MAC: Mines and Communities

China's coal catastrophe

Published by MAC on 2006-07-29

China's coal catastrophe

The Independent (UK) Report by Clifford Coonan

29th July 2006

China produces more coal than anywhere else in the world, fuelling the country's economic boom. But it comes at a terrible price: the mines are the world's deadliest, and their environmental impact is catastrophic. Safer - and cleaner - technology exists. But is there the political will to make it happen?

The trucks rattling away from the collieries in China's Shanxi province are on a tight schedule. There are lumps of coal lying on the grass verges beside the roads. Pollution from the coking plants chokes the air while in some places the whole landscape looks like it's been coated with fine coal dust. Datong is one of these places.

The city is one of the three most polluted in China - the other two, Linfen and Yangquan, are in Shanxi province as well - and when you tell people in China you are going to Datong, it often provokes a strange reaction. They point at the sky and say "hei yu", or "black rain". Some of Shanxi looks like the surface of the moon.
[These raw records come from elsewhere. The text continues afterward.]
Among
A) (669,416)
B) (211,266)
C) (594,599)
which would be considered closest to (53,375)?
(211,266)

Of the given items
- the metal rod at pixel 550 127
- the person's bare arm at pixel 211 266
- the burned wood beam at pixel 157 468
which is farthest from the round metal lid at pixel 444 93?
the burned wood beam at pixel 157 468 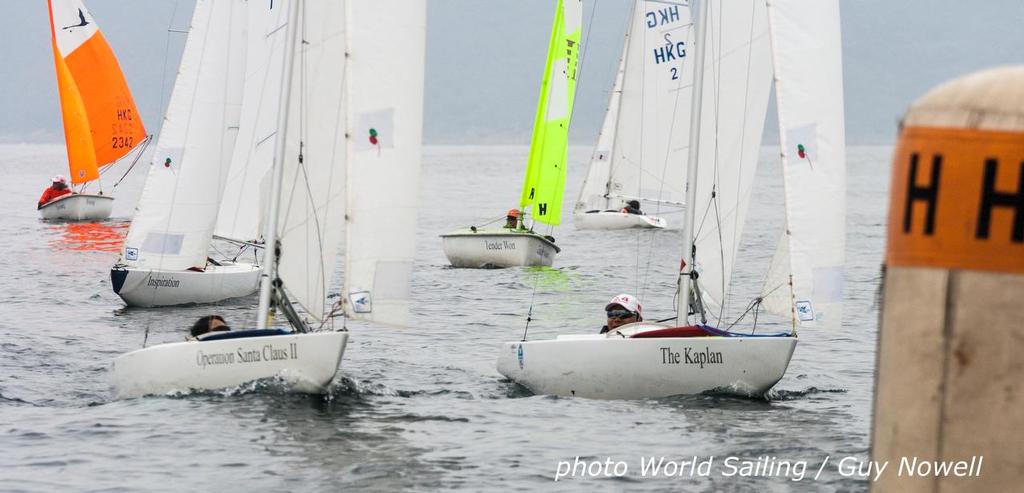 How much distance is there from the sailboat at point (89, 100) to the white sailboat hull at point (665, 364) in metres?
24.7

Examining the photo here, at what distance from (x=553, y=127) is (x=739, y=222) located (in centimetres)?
1360

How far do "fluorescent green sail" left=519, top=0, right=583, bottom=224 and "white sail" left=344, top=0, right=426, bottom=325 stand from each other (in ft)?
46.5

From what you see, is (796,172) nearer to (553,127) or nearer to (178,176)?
(178,176)

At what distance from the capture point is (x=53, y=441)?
10609 mm

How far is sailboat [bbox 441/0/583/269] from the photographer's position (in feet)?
84.4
A gaudy, patriotic poster promoting Communist ideals will sometimes break the grey, northern monotone, but what little colour there is tends to come from a miner's red helmet, or flashes of neon from a restaurant sign in a town where mining families live. The colliers' work clothes are grey or gunmetal blue.

China mines more coal than anywhere else, around one third of the world's total, and Shanxi is the biggest producer in China, accounting for a quarter of the country's output - around 600 million tons last year. Also, about half of the coke supply in the world market is from the province.
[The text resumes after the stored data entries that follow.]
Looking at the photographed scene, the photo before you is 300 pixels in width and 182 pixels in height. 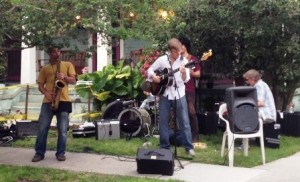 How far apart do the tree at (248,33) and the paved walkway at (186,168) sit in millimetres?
2274

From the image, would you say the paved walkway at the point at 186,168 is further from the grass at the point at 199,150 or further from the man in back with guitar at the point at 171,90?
the man in back with guitar at the point at 171,90

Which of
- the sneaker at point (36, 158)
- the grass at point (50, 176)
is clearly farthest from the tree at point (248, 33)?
the grass at point (50, 176)

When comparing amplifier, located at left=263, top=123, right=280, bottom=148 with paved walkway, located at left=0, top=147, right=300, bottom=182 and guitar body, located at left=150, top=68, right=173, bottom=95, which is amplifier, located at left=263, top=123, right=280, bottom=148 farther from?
guitar body, located at left=150, top=68, right=173, bottom=95

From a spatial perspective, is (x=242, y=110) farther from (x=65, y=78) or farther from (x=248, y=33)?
(x=65, y=78)

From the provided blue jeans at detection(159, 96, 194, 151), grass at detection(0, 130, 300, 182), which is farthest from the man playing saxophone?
blue jeans at detection(159, 96, 194, 151)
Coal is a matter of life and death in China, heating homes and powering the factories that produce the goods driving China's economic boom. More than half of all finished industrial goods are now made in China, and they could not have been manufactured without power from coal. The economic boom has lifted hundreds of millions of people off the poverty line, but the downside is immense. China's coal mines are also the world's deadliest, by a big margin, accounting for 80 per cent of mining deaths globally. Put it this way - every million tons of coal produced in the country costs the lives of around five Chinese people. Output is increasing by 15 per cent a year and the number of coal mining deaths is expected to rise too, despite government efforts to close the worst offending mines. Last year, 6,000 workers (* -see note) were killed by floods, fires and explosions caused by lax safety rules and inadequate safety equipment, sacrifices to the country's massive hunger for coal as the economy simmers.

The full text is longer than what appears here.